:: EXERCISE REQUIREMENTS ::
Print every line of the listing below, starting with the line that holds "Recambio de cerradura" and going on through the line that holds "Icon of program: Rummy Goid", both included, and print nothing else.

:: MATERIAL FOR THE TASK ::
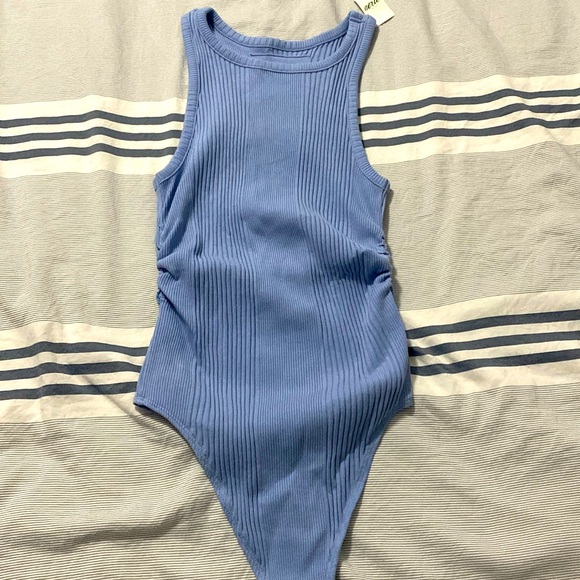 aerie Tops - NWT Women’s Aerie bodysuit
* * *
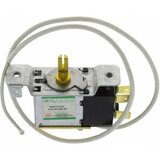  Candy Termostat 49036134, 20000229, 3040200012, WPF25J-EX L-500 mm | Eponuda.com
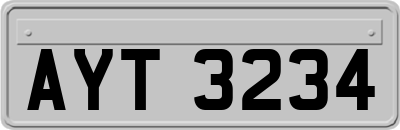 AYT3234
==
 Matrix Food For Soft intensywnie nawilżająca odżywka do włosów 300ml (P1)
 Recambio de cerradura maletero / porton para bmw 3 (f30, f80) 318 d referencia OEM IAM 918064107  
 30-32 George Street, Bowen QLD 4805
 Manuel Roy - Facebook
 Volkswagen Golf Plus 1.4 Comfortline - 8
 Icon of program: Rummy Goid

:: TASK RESPONSE ::
 Recambio de cerradura maletero / porton para bmw 3 (f30, f80) 318 d referencia OEM IAM 918064107  
 30-32 George Street, Bowen QLD 4805
 Manuel Roy - Facebook
 Volkswagen Golf Plus 1.4 Comfortline - 8
 Icon of program: Rummy Goid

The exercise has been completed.